The graph below shows two 748 and two 996 torque curves. I’m sure you can tell which is which ( hint : 996 makes more ). All are running the same cam timing specs ( not std, but my usual ), both 996 have the FIM UM222 single injector chip, both 748 have the FIM UM211 chip. The difference between the two of each set is that one bike has 45mm Termi slip on mufflers, the other has Arrow 50mm cross over and muffler kit. Many refer to this as a 1/2 50mm exhaust kit.


Dynograph courtesy of DYNOBIKE (03) 9553 0018

Which is not to say that the brand is the problem. I seriously doubt there would be any real difference between Arrow and Termi muffler power output of comparable size mufflers. Both companies know a bit about making pipes.

The thing is, both the _ 50mm kit bikes have a big hole in the bottom of the range. The fact it is numerically the same – 7 ft.lbs – is a bit too odd, but the shape and RPM range are consistant. In fact, the curves are almost identical shape all through, with the 4 peaks in the same places. The 996, which places higher demands on its ports, has a sharper rise and fall off at either end, but that is to be expected. The 996 also emphasises peaks 2 & 3, whereas the 748 emphasises peaks 3&4. Some of you are probably thinking "so", but this kind of thing really interests me. Of course, the fact they all have the same inlet and exhaust design and lengths does go a long way to explaining it. But I would normally have expected the smaller engine to have all its peaks offset much more to the right.

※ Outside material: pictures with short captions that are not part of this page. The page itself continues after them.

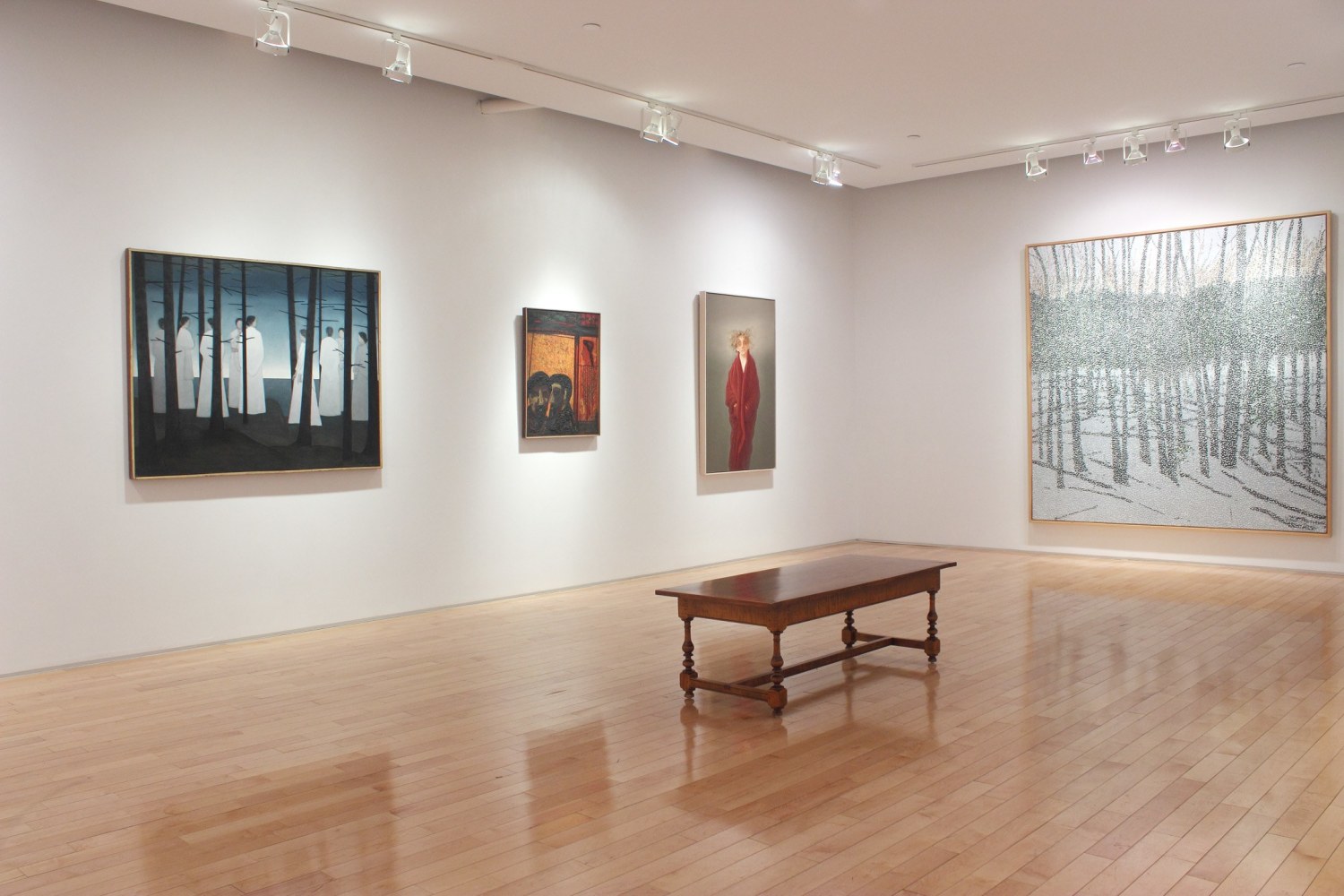 Photograph showing a corner view of an exhibition space with four paintings hanging on white walls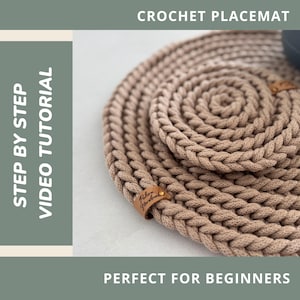 Può includere: Primo piano di un sottobicchiere all'uncinetto beige con un motivo a spirale. Il sottobicchiere è realizzato con filato spesso e intrecciato. Il testo "CROCHET PLACEMAT" e "STEP BY STEP VIDEO TUTORIAL" sono visibili. Il testo "PERFECT FOR BEGINNERS" è visibile.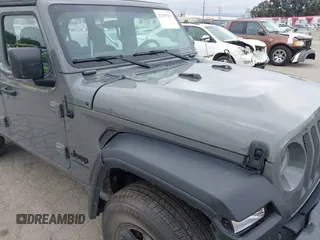 2022 Jeep Wrangler Unlimited Sport S with VIN 1C4HJXDG8NW126143, listed as a IAAI auction lot 42197273 with 44,472 mi miles and . Bid and sale history available at DreamBid. Image 6.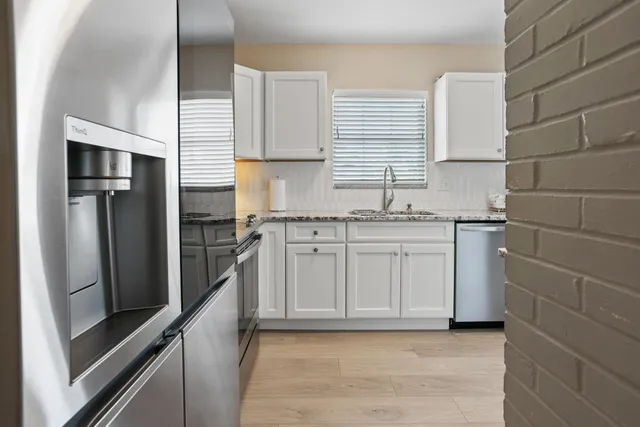 a kitchen with a sink stove and refrigerator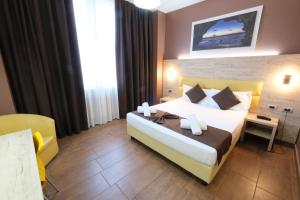 Postel nebo postele na pokoji v ubytování Hotel Giacosa
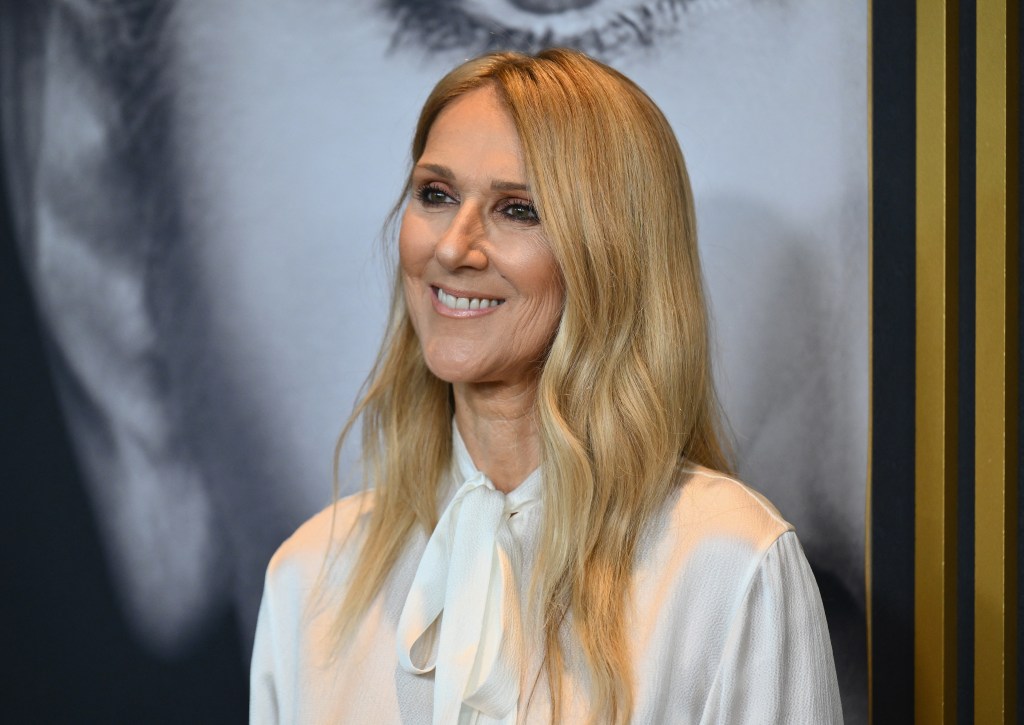 Celine Dion sonriendo con una camisa blanca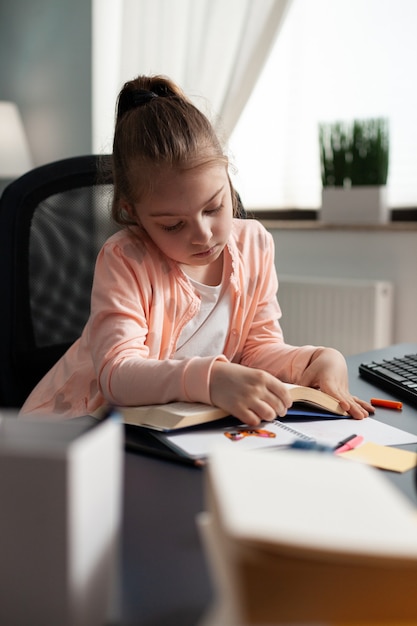 Schulkind sitzt am Schreibtisch im Wohnzimmer und hält Hausaufgabenheft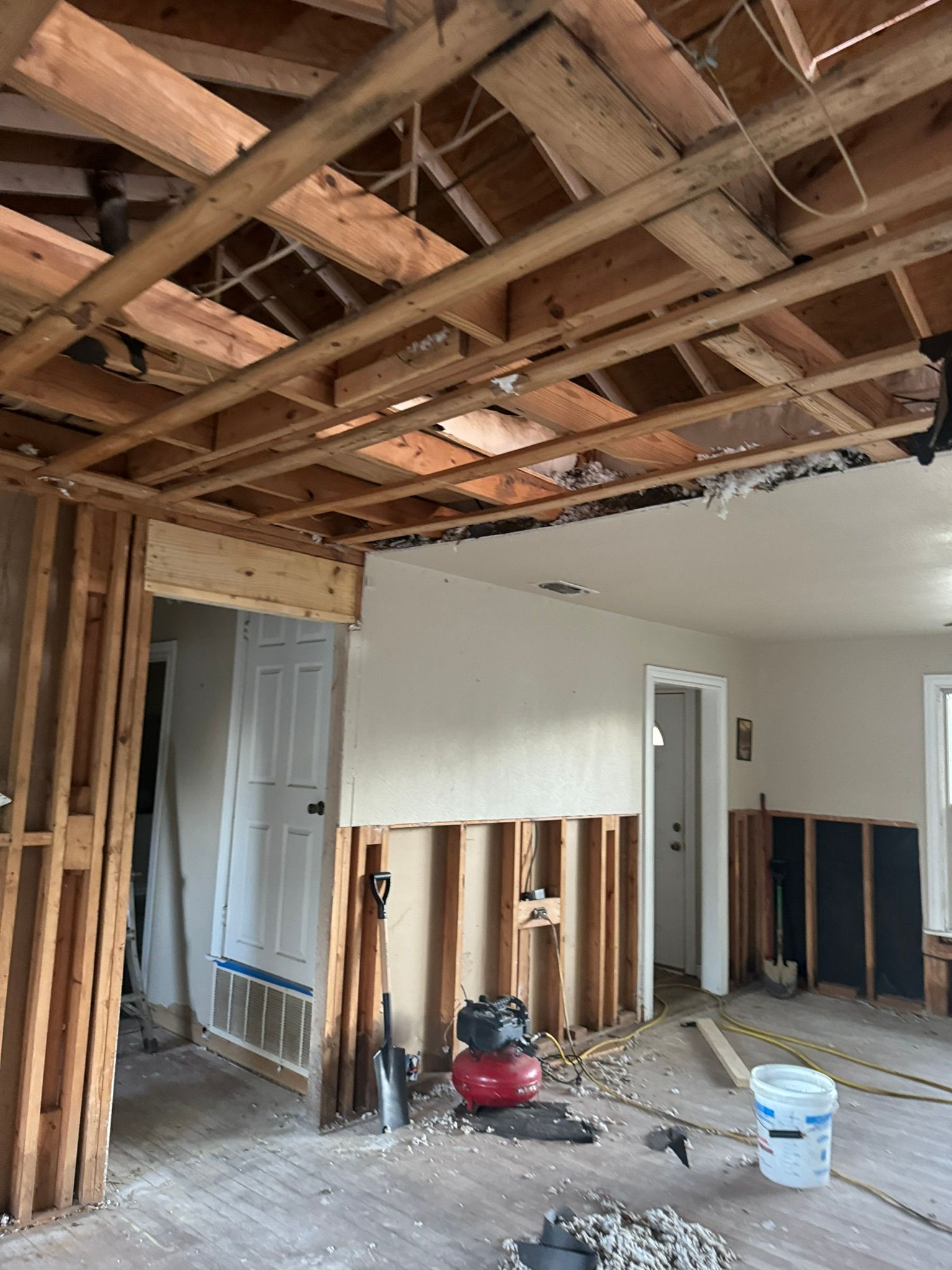 Partially demolished room with exposed ceiling joists, wall studs, debris, and tools during renovation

The green 748 has some under tank filters, which may take the top end torque away a little, but the bottom end is pretty flash. The red curve is actually the after curve from the 748 report, which was already pretty damn cool. The green bike is almost like a 2V 750, in that it has no noticeable torque peak when riding. It just accelerates, without a real top end rush like you expect on a 748. Odd. Hopefully, the guy who owns it won’t come back and tell me it’s slower now just because of the way it feels.

The only thing, however, is that many people say the 1/2 50mm kits really help the top end. Maybe not on a dyno, but out on the track. Maybe they do. Or maybe the loss of bottom end makes them feel better at the top. Like they really come on, man. Back to the immeasurable "feel" thing again.

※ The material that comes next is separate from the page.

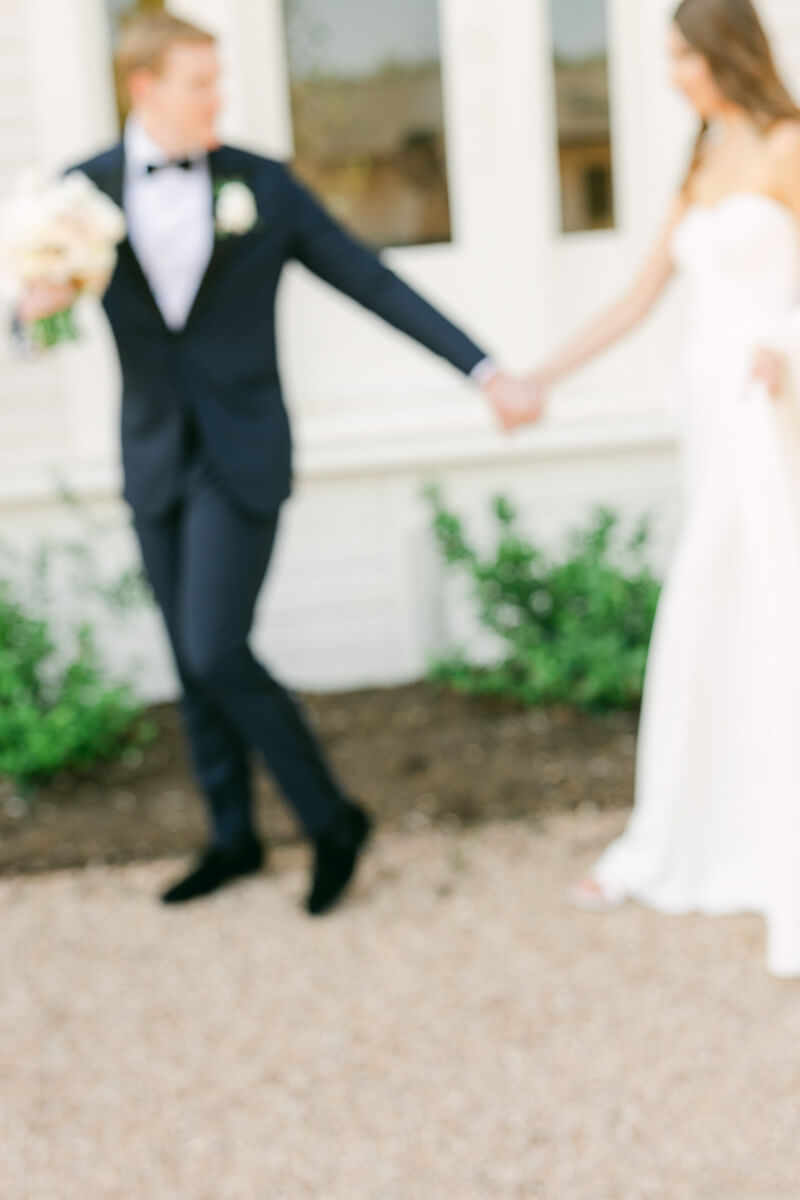 couple posing on wedding day at the grand lady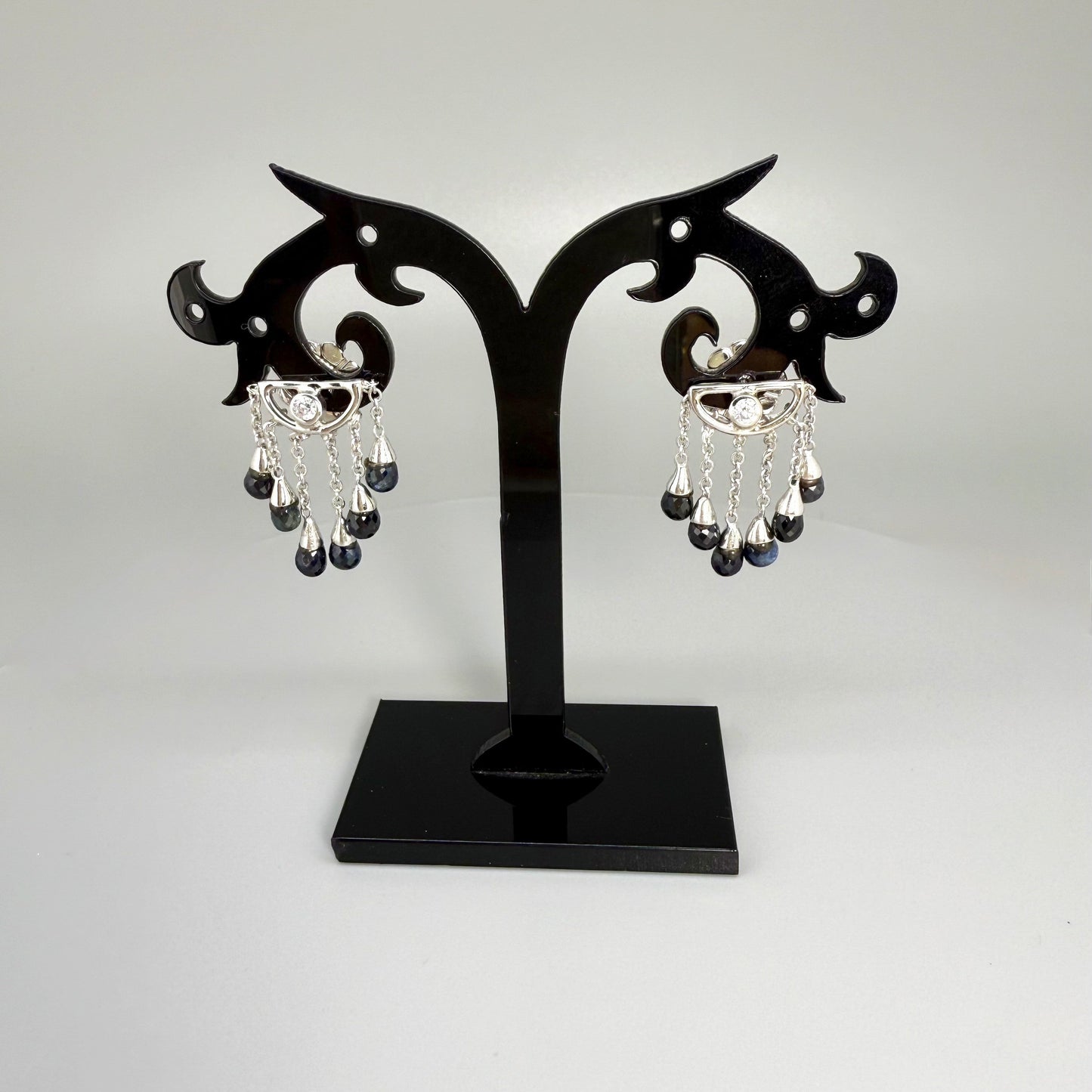 Necklace, bracelet and earrings set in white gold plated sterling silver with dark blue pineapple-cut sapphires, elegant jewelry displayed on neutral background.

It reminds me of an article I read in a recent Sport Rider magazine. A tester had ridden a hotted R1, and commented on the killer midrange it now had, at the expense he felt of the top end. On a dyno it had 14 hp over a std bike at the top end, with even more through the middle. So much for feel. Even confuses me sometimes, when I’m trying to decide if something is better or not.

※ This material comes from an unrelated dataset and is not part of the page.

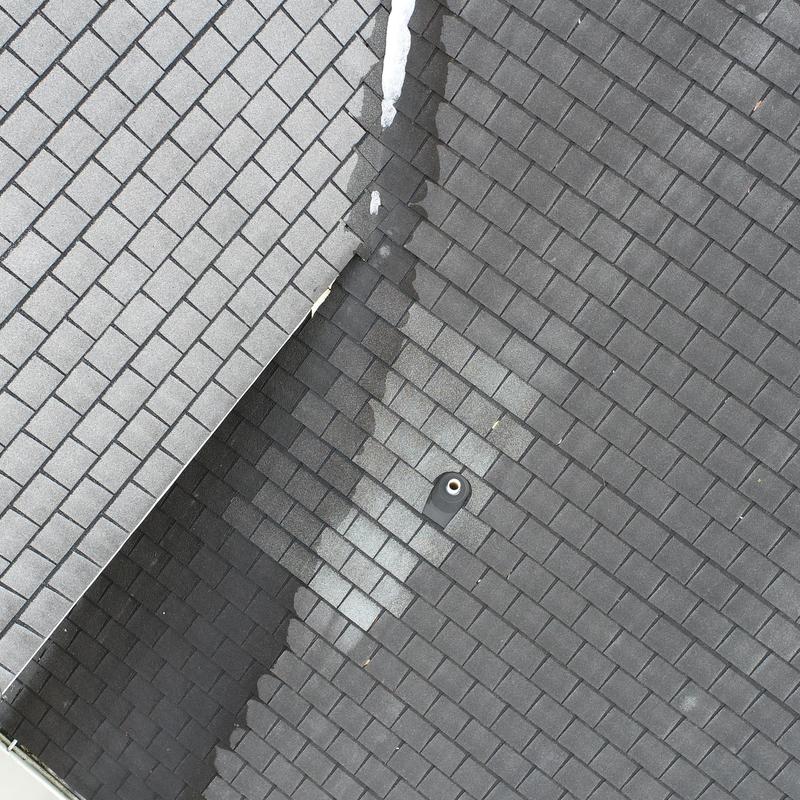 Roof pipe boot on asphalt shingle roof section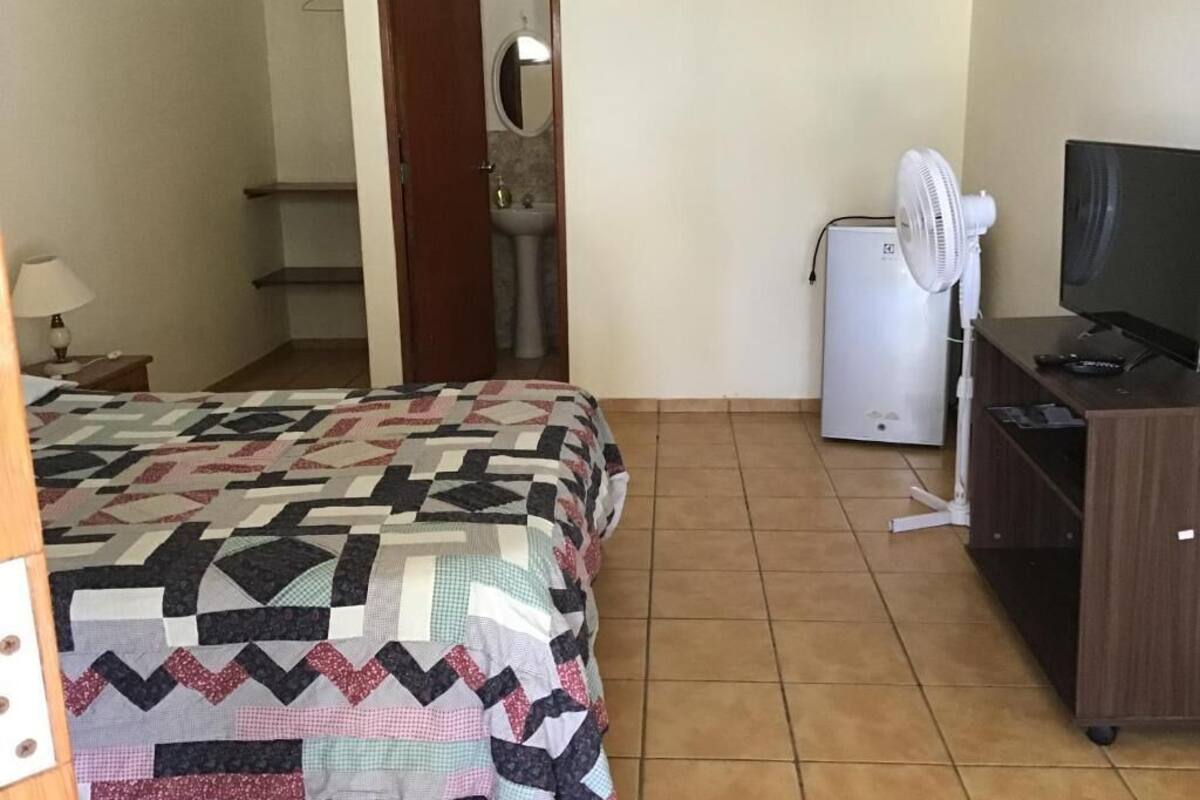 A bedroom with a bed, a desk with a computer, a fan, and a TV.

For a better comparison, the graph below shows four 748 torque curves. Red is std & 45mm Termis, green is std & 45mm Arrows, blue is cams dialed & 45mm Termis ( from above ), purple is cams dialed & _ 50mm Arrow ( again, from above ). That blue line is up around 20% at 5,000 RPM. And that, campers, will make a hell of a difference on the street. The top end advantage of the 1/2 50mm Arrow bike is better shown here too, although in percentage terms it’s not that great.